Yuval Levin explains why they’re implausible:
…no one around here, in either party and on either end of Pennsylvania Avenue, has nearly the information, ability, or competence to pull off any kind of complex four-steps-ahead type maneuver, and the system works in a way that makes it pretty much impossible to seriously try. Most of the time, people are barely managing to keep their heads above water amidst the rush of events and to respond to the latest unexpected and ridiculous screwup.
I’ll always remember riding into work on the train day after day when I was a (very) junior staffer in Newt Gingrich’s Speaker’s Office in 1998 and reading in the paper about how the Republican leadership in Congress was setting traps for Bill Clinton and playing some ingenious chess game with the impeachment process, and then arriving at work and finding that no one had any idea how things had gotten where they had or what would happen next. It was much the same working in the White House: All the various conspiracy theories (good and bad) were utterly laughable. Governing is terribly complicated and the people doing it, while often very intelligent, could never hope to master anything close to the command of contingency necessary to carry off any kind of conspiracy. They often can’t even manage to meet their actual responsibilities adequately in the face of the indescribably intense entropy of government. (That’s, by the way, one more reason why they should not be given trillions of dollars to throw around).

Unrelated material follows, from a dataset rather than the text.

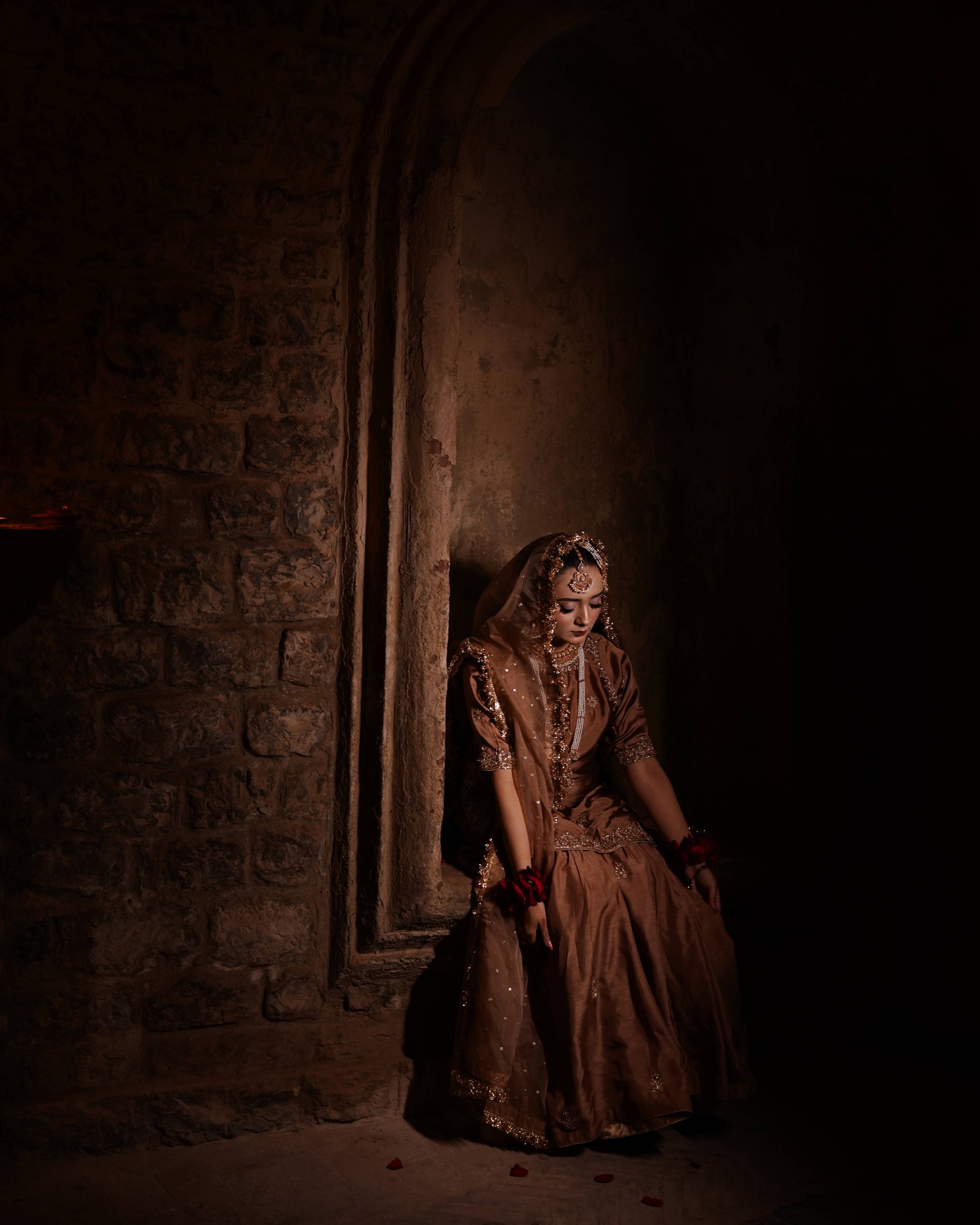 A Pakistani bride sitting in a dimly lit rustic stone archway alcove looking down, wearing a metallic mocha-brown gharara with deep red roses on her wrists, captured by AM Producti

This applies to space policy as well. And it’s particularly hard to get good policy in such an environment when it isn’t even perceived to be politically important. It also reminds me of a story that the late and deeply lamented Tom Rogers told me, from when he was working for the Johnson administration, and came to the realization that in Washington, no one is in charge, really. Some people have lofty titles, and big offices, and issue orders, and occasionally they’re followed, but mostly, as Yuval notes, it’s a highly entropic process, a sticky mess of friction and confusion. It’s the nature of a democracy, and please spare us from a strong man who will cut through it, because he’s likely to end up slicing vital things.

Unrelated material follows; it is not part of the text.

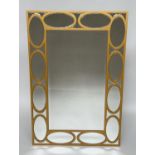 WALL MIRROR, rectangular gilt with oval panelled marginal plates and bevelled mirror throughout,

Governments can’t even manage a 5-year plan; why should we expect them to be capable of JUST AS PLANNED?
There’s also the old cliche that the security of a secret is inversely related to the square of the number of people who know it. During a full-out war in which the entire government, military, and population are morally committed, you can find exceptions to this… but when factions exist left and right, I’d suggest using the cube of the number of people who know it.
That’s one of my counter arguments to the Moon landing hoax theories. We barely kept the Glomar Explorer matter a secret, long enough to do anything, yet one has to believe that many times as many people could keep their part in faked Moon landings a secret for this long. (Even from the KGB, for whom exposing it would be the greatest propoganda coup of all time, yet the Soviets never even hinted that they had doubts).
You can say there are vast conspiracies.
You can say government is incompetent.
But you can’t have both.
Never assume conspiracy when stupidity will suffice
This applies to tasks like “fixing” the economy even more, since an economy with 300 million moving parts is far more complex than even the most amazing stupendous fiendish super plot.
When a politician tells you he (1) understands why the stock market, housing market, joblessness, et cetera does what it does, and (2) he knows how to change it without doing any unintended damage, he’s asking you to believe the most whomping huge insane conspirazoid theory there is.
The concept goes deeper than that. The statist mindset is a a shared form of social engineering madness based on bad engineering.
How can you solve a system that complex with such low CPU power (human brain) and such narrow communication channels? The answer is you can’t, so you use simplified algorithms and try to sell them to as many people as possible. The successful algorithms are those that get you elected, which unfortunately is responsible for the present non adiabatic mess.
“Any sufficiently advanced incompetence is indistinguishable from malice.”
K, I surmise that collectivism is actually a pathological excess of a feature of normal human reasoning, something in the way that OCD is a pathological excess of a normal human behaviour (cleanliness), or paranoia is a pathological excess of normal caution.
See, what’s a little odd, sometimes, about the way people approach difficulties is that they often double down on bad bets, like addicted gamblers. I dabble in real estate, lose some money — and then decide that the solution is to go deeper into real estate, double my bet, really clean up. I discipline my kids, they rebel — and I decide the solution is to get really tough. And so on.
The way I put it, it sounds illogical, but it isn’t always. Sometimes early setbacks are just that; sometimes the right thing to do is to commit yoruself to your own personal “surge” and come out the other side victorious. It’s very hard to know in advance. So a certain tendency to double down on bad gambles makes sense.
Now suppose we feel, individually, and as heads of families, firms, and other small local organizations, that things are spinning out of our control, that we are unable to earn a profit, keep our valuable employees and stay ahead of our customers, rear our children to be proud and honest citizens, doing things we respect and understand. What then? Strangely enough, a certain double down on bad gamble mindset suggests we band together and attempt even greater control of what we understand even less. If we can’t govern our families and firms successfully — why, the solution might be to attempt to govern the entire nation at once! Maybe what doesn’t work for 3 or 300 will work for 300 million!
Sounds like lunacy, and I think it is. But there’s a strange kernel of normal — even adaptive — human behaviour lurking in it.